- Recorded data:
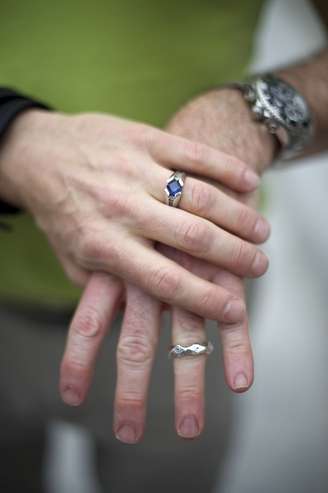 <p>Um casal exibe seus anéis de casamento na escadaria da Corte do Estado da Pensilvânia, após uma decisão que derrubou a proibição de casamento gay, em 20 de maio</p>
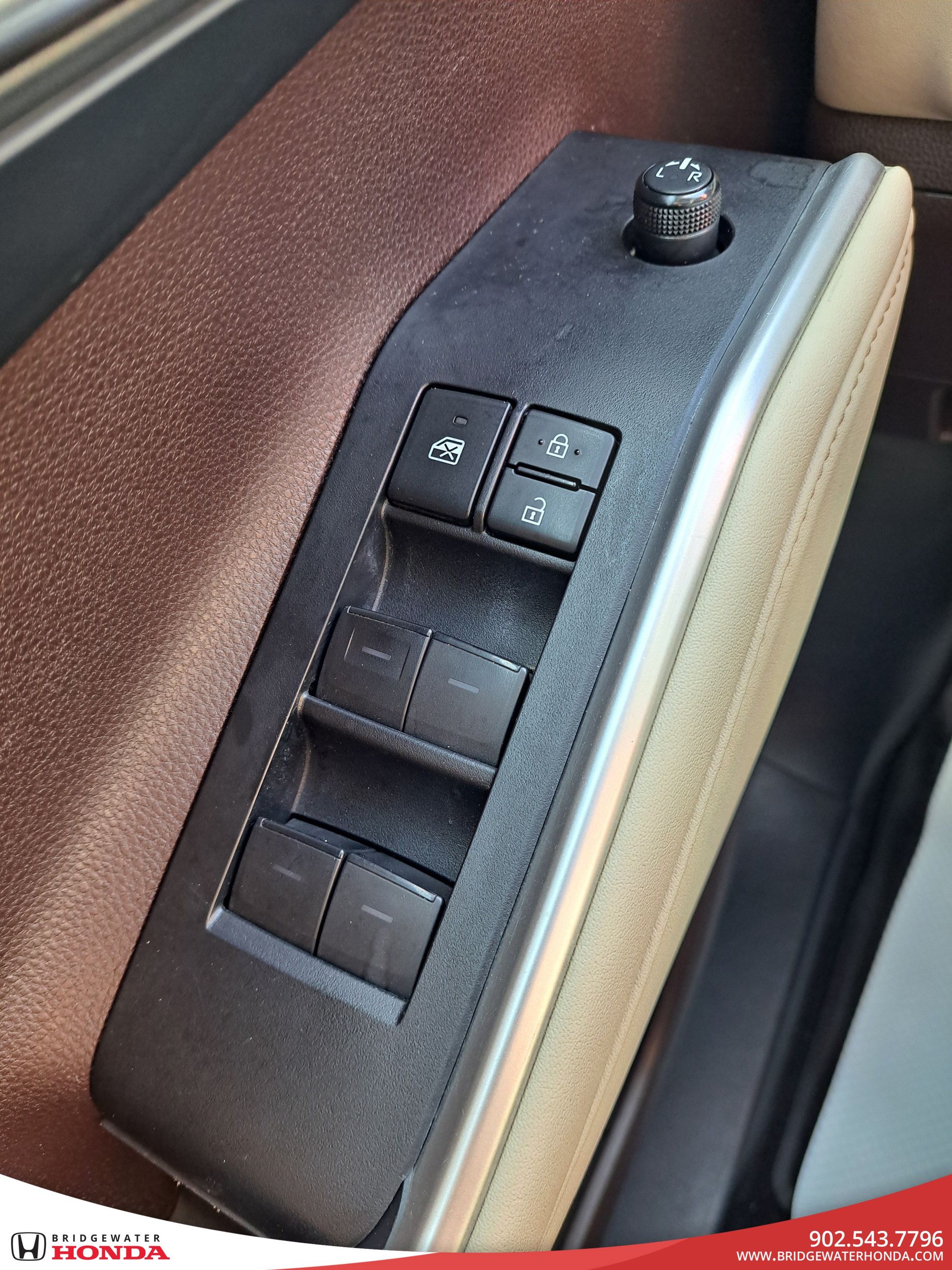 2021 Toyota Highlander XLE-12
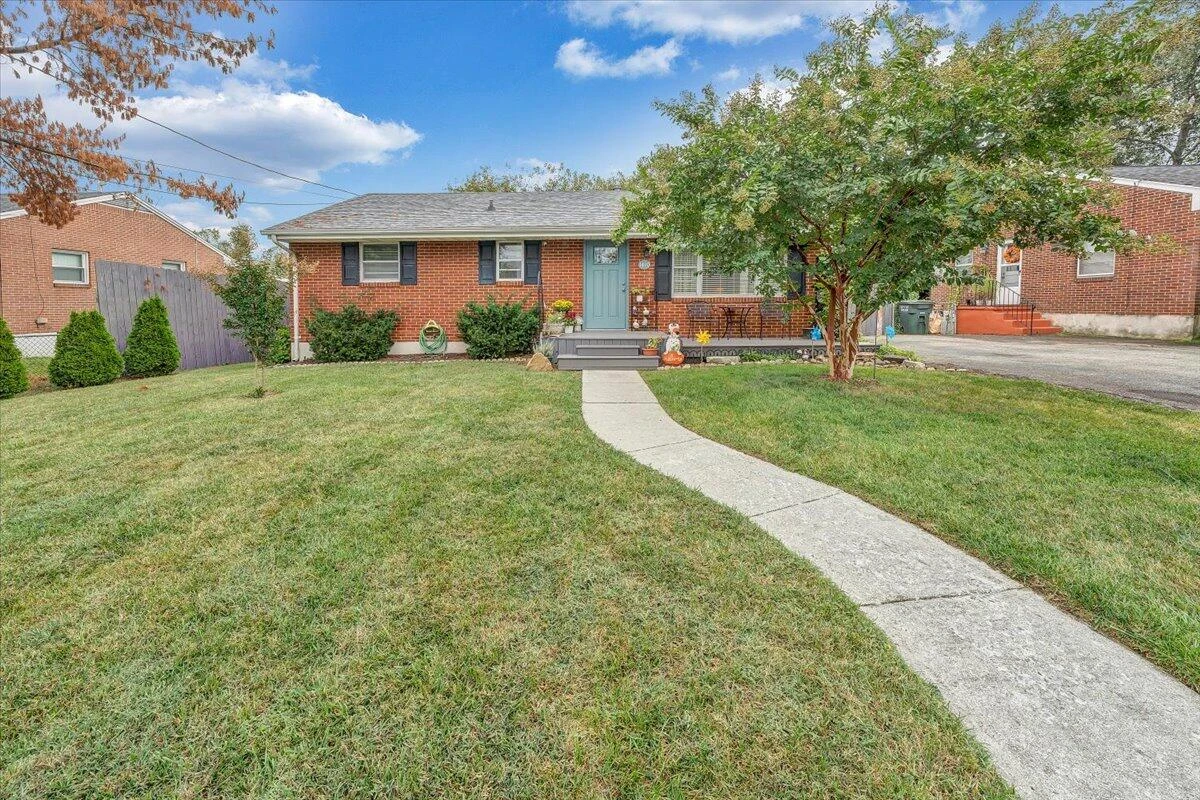 1410 Orchard DR - Photo 3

- What the task asks:
Repeat exactly the lines from the one containing "2021 Toyota Highlander XLE-12" to the last line of the data above, both included, and write no pictures into the copy.

- Reply:
 2021 Toyota Highlander XLE-12
 1410 Orchard DR - Photo 3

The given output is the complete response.